El tiempo es el juez más implacable.
El arte nos trasciende.
Si das con alguien capaz de reinterpretar la existencia desde un enfoque inédito, tu inversión estará asegurada.

13 IMPRESCINDIBLE.
Cúbrete las espaldas. Exige certificado que garantice su autenticidad. Cuantas más pruebas te proporcione el artista, tanto en la elaboración de la obra como en su resultado final, mejor.

14 EPITAFIO.
Alegato final
Un artista que se precie, debe tener hambre por aprender; ser un revulsivo; un librepensador que se cuestione el orden establecido; una persona honesta capaz de luchar contra un sistema injusto. En definitiva: alguien que arroje luz en estos tiempos convulsos.

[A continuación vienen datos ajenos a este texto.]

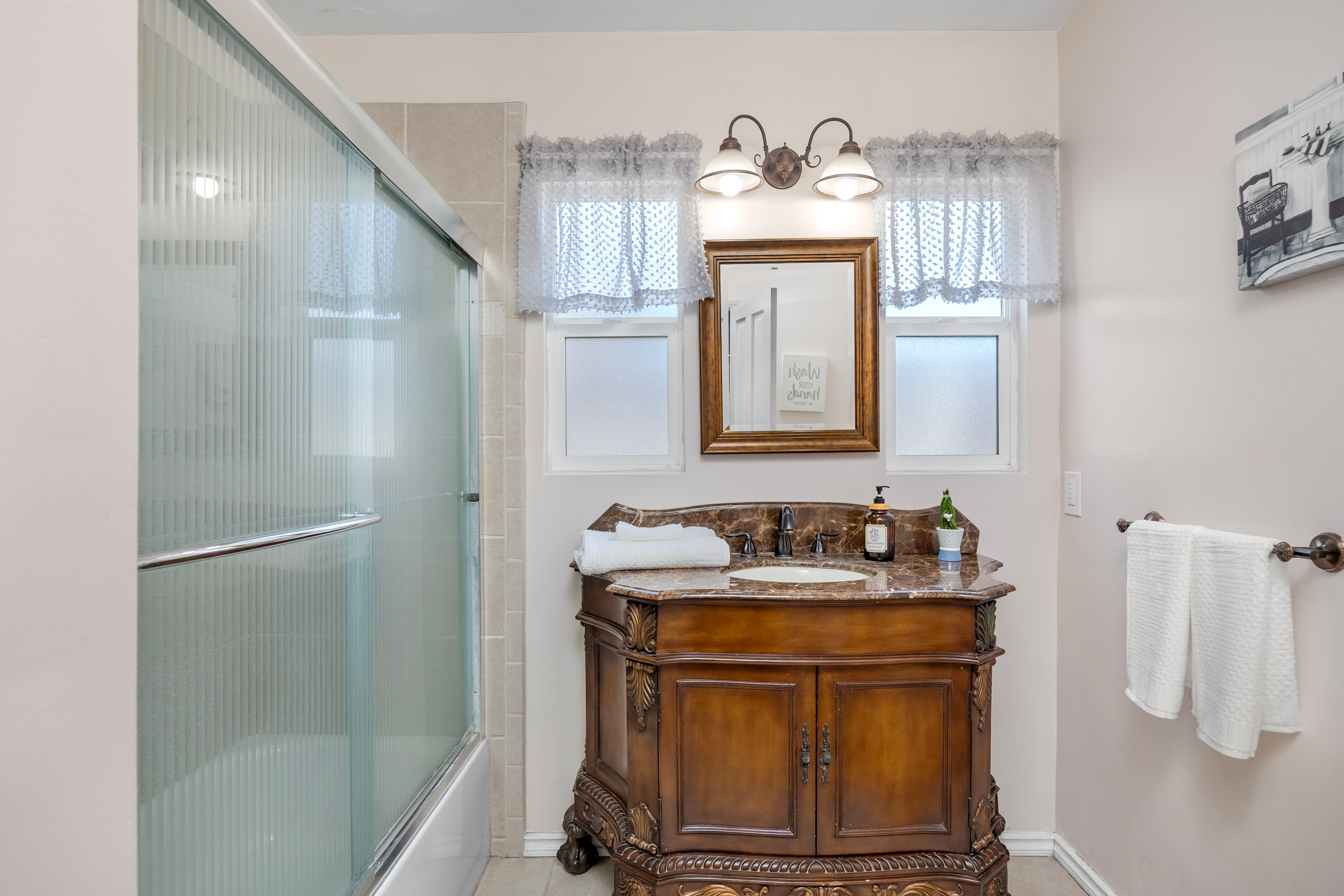  9388 Bigby Street, Downey, CA 90241 - 物件實景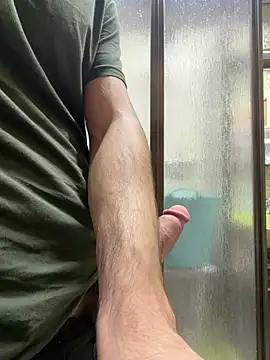 buyukyarak31 online show from March 12, 2026, 10:03 pm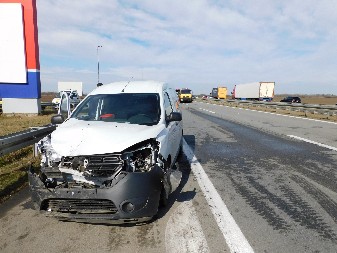 STRADAO MUŠKARAC Detalji stravične nesreće kod Pećinaca, dvoje povređeno, hitno prevezeni u bolnicu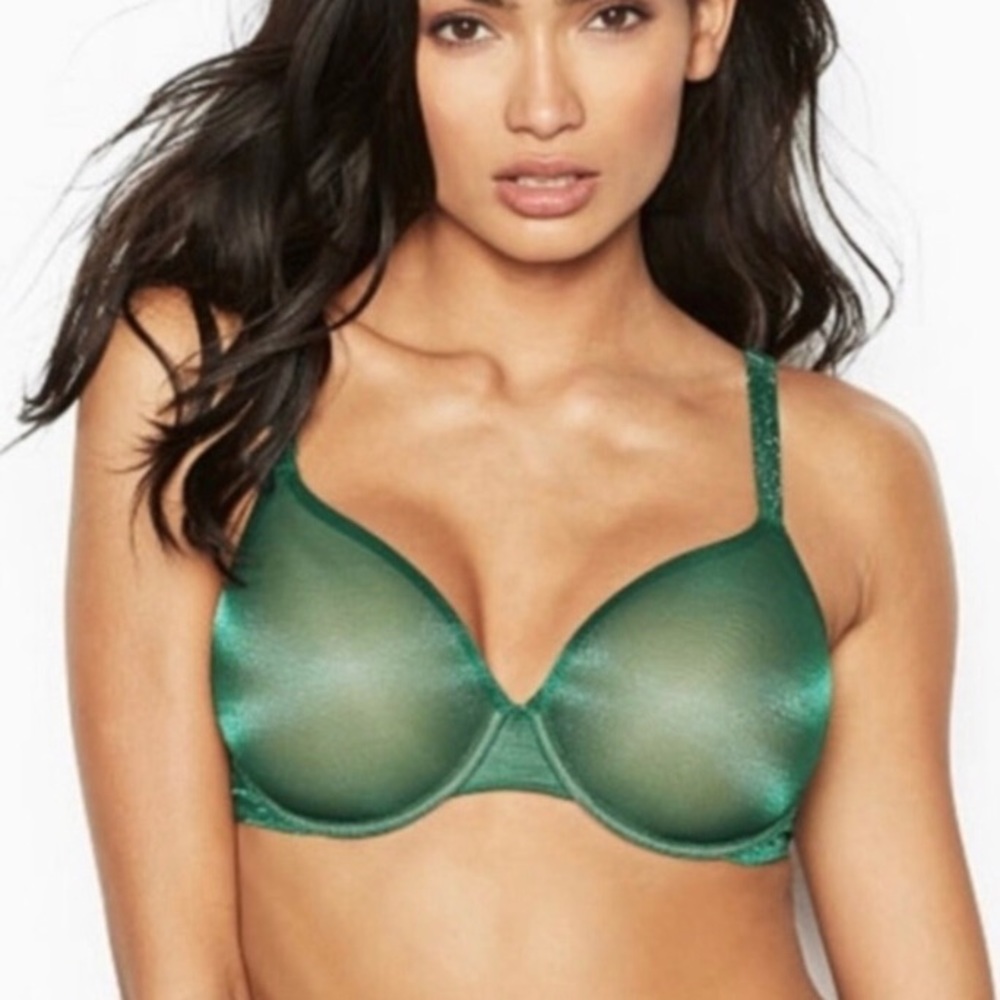 Victoria’s Secret green lightly lined bra!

El mundo necesita hacedores que planten cara a las sinrazones de nuestra sociedad.

15 MARCO LEGAL.
Tanto el autor, como el cliente, están amparados por Ley. Respétala.
Vendedor: Ley de Propiedad Intelectual. Derechos de Autor.
Comprador: Ley Orgánica 3/2018, de 5 de diciembre, de Protección de Datos Personales.
Albert Einstein: “El fin de mi vida, es la búsqueda de la verdad”.

Albert Einstein: “El fin de mi vida, es la búsqueda de la verdad”.